A Clojure tool to create solr indexes from relational data in databases. This tool can be used as an alternative to the Data Import Handler (DIH) provided in the solr distribution. The main advantage of using this tool instead of DIH is performance and simple configuration.
From the command line run
java -jar solr-loader3-standalone.jar --upload <config-file>
The configuration is specified in an EDN file using a native Clojure format. Database connection parameters and entities for indexing and their SQL to extract the entities are specified in the configuration file. Please see the sample configuration file for details.
- Java 7 is required for this tool
- Solr 4.x is required
- Oracle 10 or above (support for other databases coming soon)
The tool is designed to load large data sets efficiently. It does so by using a combination of multiple threads and asynchronous processing.
- Do not read the full data set at any time from the database. Read only the minimum data required to process the document record
- Use concurrency by processing data in threads and tasks that can be run in parallel
- All blocking IO should be processed concurrently on a separate thread pool
- All non-blocking IO and processing tasks should be processed concurrently in separate thread pools or asynchronous channels
- Simplify configuration to make the tool easy to use
Java concurrency classes are used for blocking IO tasks and clojure core.async functions are used for non-blocking CPU tasks. Both io and cpu tasks are run concurrently fully utilizing the cores on the machine.

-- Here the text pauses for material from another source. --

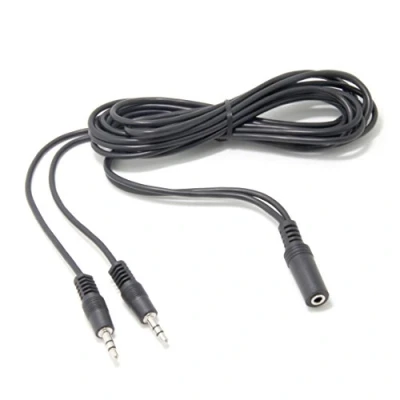 Abbildung von Ancable 3,5 mm Stereo Buchse auf 2 Männliche Y Splitter Audiokabel 1,8M, Dual Stecker AUX Mic Klinke Kabel für Lautsprecher, Kopfhörer, PC, Laptop, Aluminium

- A thread pool is used to execute blocking io tasks to limit resource usage instead of creating a new thread per task.
- Semaphores are used to control the number of records that can be processed at any given time.
- Clojure processing mostly involves transforming SQL data records to Solr document update records. Since the processing is CPU bound, core.async channels are used to process data concurrently.
- To upload data to solr, non-blocking io with httpkit and core.async channels are used.
- core.async thread macro is not used for blocking io as io threads need to be bounded. Once can write pure clojure functions to provide a thread pool for blocking io tasks but this functionality is already provided in the java.util.concurrency package.
- The (go (>! ...)) macro is not used for synchronizing execution of blocking and non-blocking tasks since the go macro synchronization only works with other go blocks and blocking io tasks do not run as go blocks. Instead semaphores are used to synchronize execution of blocking and non-blocking tasks running concurrently.
Copyright © 2014 Edward Sumitra
Distributed under the Eclipse Public License either version 1.0 or any later version.